Expulsión de los mercaderes del Templo, Tiepolo, c. 1750-53 – Óleo sobre lienzo, Colección Thyssen-Bornemisza
Podemos entender la ira de dos modos. Primero, como un simple movimiento de la voluntad por el que se inflige una pena no por pasión, sino por un juicio de la razón. Tomada así, la falta de ira es ciertamente pecado y este es el sentido que da a la ira san Juan Crisóstomo:
“El que no se irrita teniendo motivo comete pecado, porque la paciencia irracional siembra vicios, alimenta la negligencia e invita al mal, no solo a los malos, sino también a los buenos.
“La ira que tiene causa no es ira, sino juicio, ya que se entiende por ira una conmoción pasional; pero la ira del que se irrita con causa no procede de una pasión. Por eso decimos que juzga, no que se irrita” (Hom. XI in Math.).
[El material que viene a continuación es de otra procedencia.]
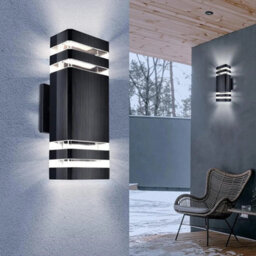 Modern Outdoor Wall Light Up Down Ip65 Waterproof E27 Mains Powered - thumbnail 4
Otro modo de considerar la ira es tomarla como un movimiento del apetito sensitivo, que se da con pasión y excitación del cuerpo. Este movimiento, en el hombre, sigue necesariamente a un movimiento de la voluntad, porque el apetito inferior acompaña necesariamente al movimiento del superior, si no lo impide algún obstáculo.
Por eso no puede faltar totalmente el movimiento de la ira en el apetito sensitivo, a no ser por sustracción o debilitamiento del movimiento voluntario. Y, como consecuencia, también es viciosa la falta de pasión, como la falta de movimiento voluntario para castigar según el juicio de la razón.
Santo Tomás de Aquino, Summa Theologiae, II, IIae, q. 158, art. 8.